Studies show that kind managers make employees perform and thrive better, and stay longer at work.
Being kind as a manager means several things. For example, showing concern for employees, defending them (as opposed to blaming them), daring to trust them to do a good job, and being generous with positive feedback.
– There has been a picture of you have to be tough to be successful, but modern research shows that kindness is an important quality as a manager, says Lukas Levay, psychologist consultant at Aon Assessment Solutions that develop personality tests for recruitment and staff development.
At the same time, many managers find it difficult to be kind. It is not least clear from all studies that show that the most common reason for employees to resign is that the manager does not show sufficient appreciation.
Be extra kind in times of crisis
Being kind can be difficult in times of crisis. Many managers are stressed and may only meet employees in digital reconciliation meetings.
– This means that the spontaneous contacts disappear. But it’s perfectly possible to be kind via email, chat or phone, says Lukas Levay.
He also believes that it is extra important to be kind when there is a great deal of anxiety in the world, and some employees may feel that it is difficult to focus or that their motivation is running out.
– It’s not about becoming someone’s therapist, but showing that you care, says Lukas Levay.
Kindness promotes innovation
Another reason to be kind is that it creates psychological security. Google did a great study of what makes some of their teams more successful than others. It turned out that the most important factor was psychological security, that is, people dare to say what they think, flag for problems and make mistakes.
Psychological security also leads to increased creativity, which is crucial for companies to be able to be innovative and survive in the long run.

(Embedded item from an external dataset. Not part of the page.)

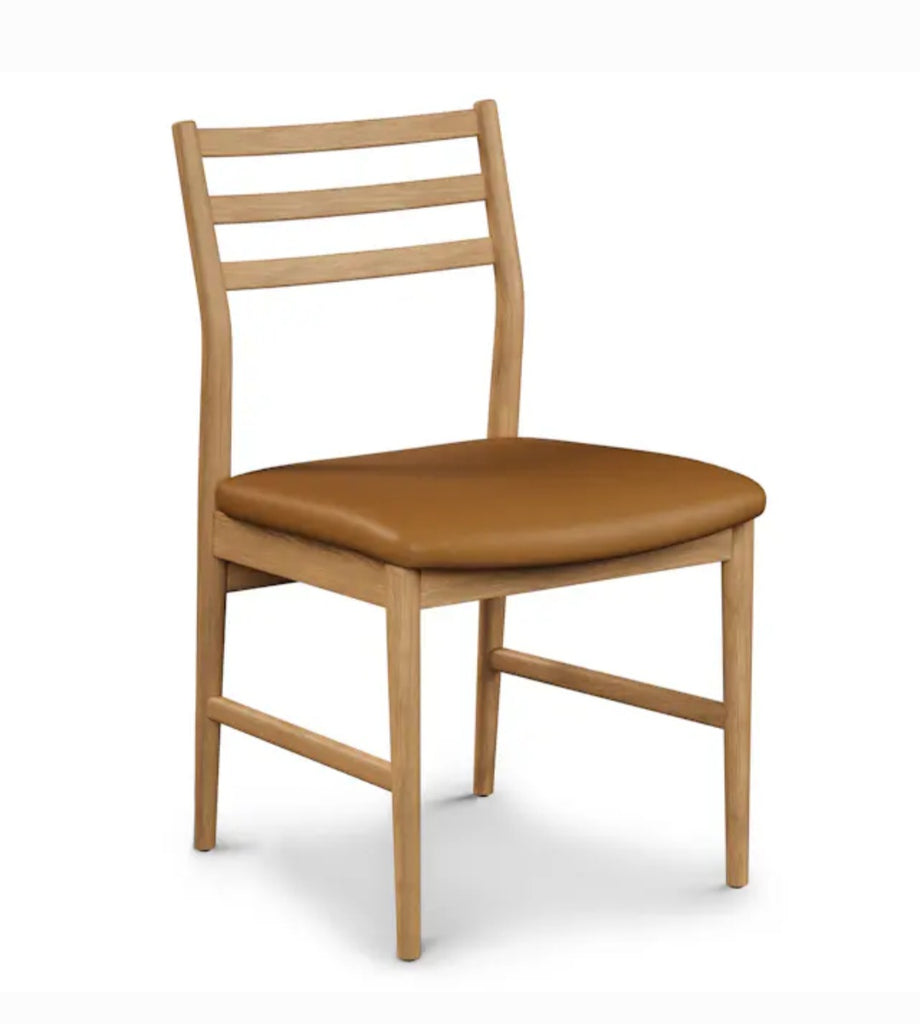 SET OF 6 Upholstered Dining Chair New Tan Leather and Oak Mid Century Modern Designer Quality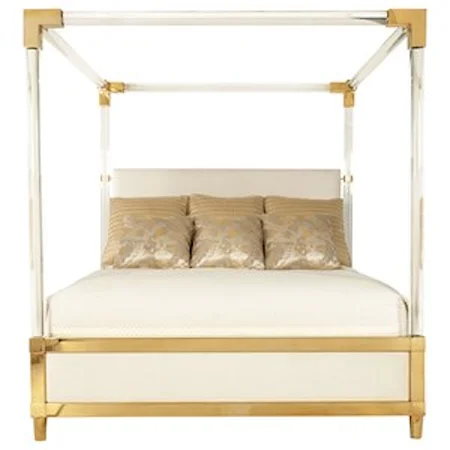 King Acrylic Canopy Upholstered Bed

– Innovation requires many ideas, and then many must be bad, statistically. If the employees feel great security and dare to come up with 30 bad proposals, something good will emerge, says Lukas Levay.
Practice your kindness
So what do you do if you do not feel that you are good at showing kindness? Then just practice. For example, set a goal to provide three times as much positive feedback as negative. Or to give each employee praise at least once a day.
– It may feel artificial at first, but in the end it is, says Lukas Levay.At the same time, he wants to emphasize that it is not enough to be kind to be a good boss, but that a combination of qualities is needed. In addition to kindness, it is also important to be reliable, deliver high quality, and be a good role model.
Question the "genius"
And how should we think about all the famous bosses who have not been kind at all, but rather been capricious and scolded people in time and out of time?

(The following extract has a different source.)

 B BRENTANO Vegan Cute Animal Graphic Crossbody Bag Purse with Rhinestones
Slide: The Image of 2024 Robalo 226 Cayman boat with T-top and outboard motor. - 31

– I would say that they succeeded even though they were not kind, and that we should question “geniuses” who behave like idiots, says Lukas Levay.

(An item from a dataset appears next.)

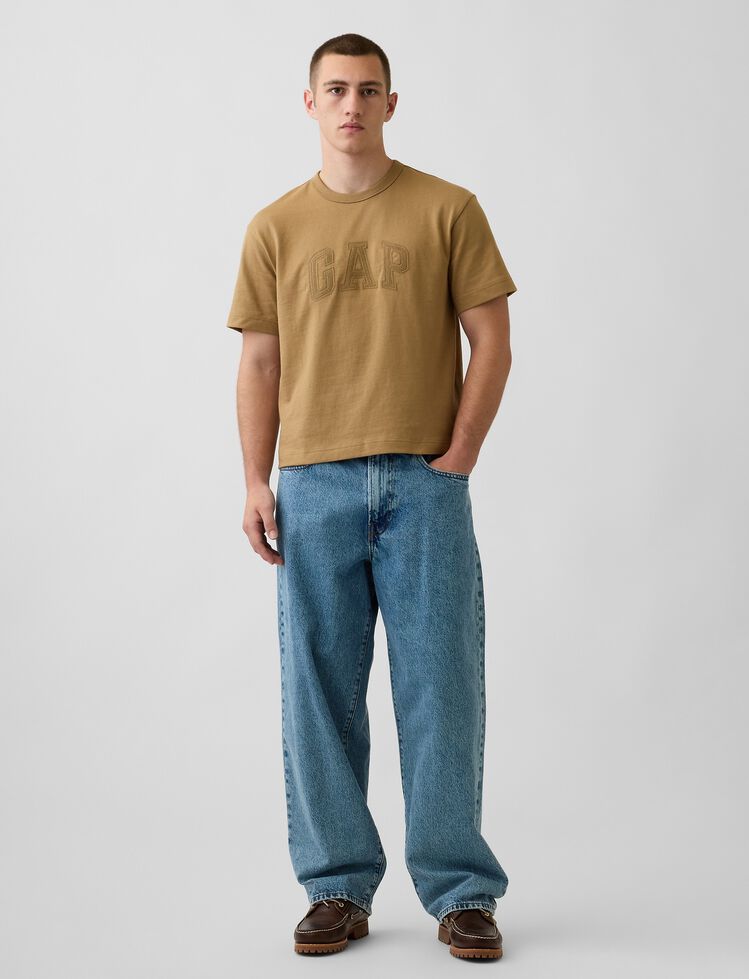Heavyweight Relaxed Gap Logo Crop T-Shirt heavyweight relaxed gap logo crop t shirt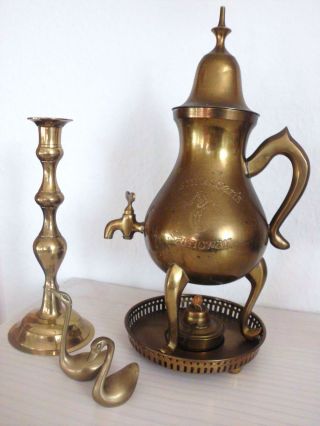 Asmussen ' S Samowar Antik Messing Schale Brenner Kerzenständer Schwäne Bild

The basis for being kind as a manager
- Be respectful
- Health for all
- Show that you trust your employees
- Give positive feedback – and much more positive than negative
- Stay calm in all situations
- Ask how people are doing, and what they need to do a good job
- Listen more than you talk
- Dare to defend your employees
- Do not be ironic or sarcastic
Lukas Levay is a psychologist and leads the sales team at Aon Assessment (Sweden) AB. In his daily work, he focuses on solutions for organizations to function optimally. Lukas is also interested in the well-being of individuals and works pro bono as a conversation therapist at the association Storasyster. Here interviewed by her colleague Lena Bergqvist.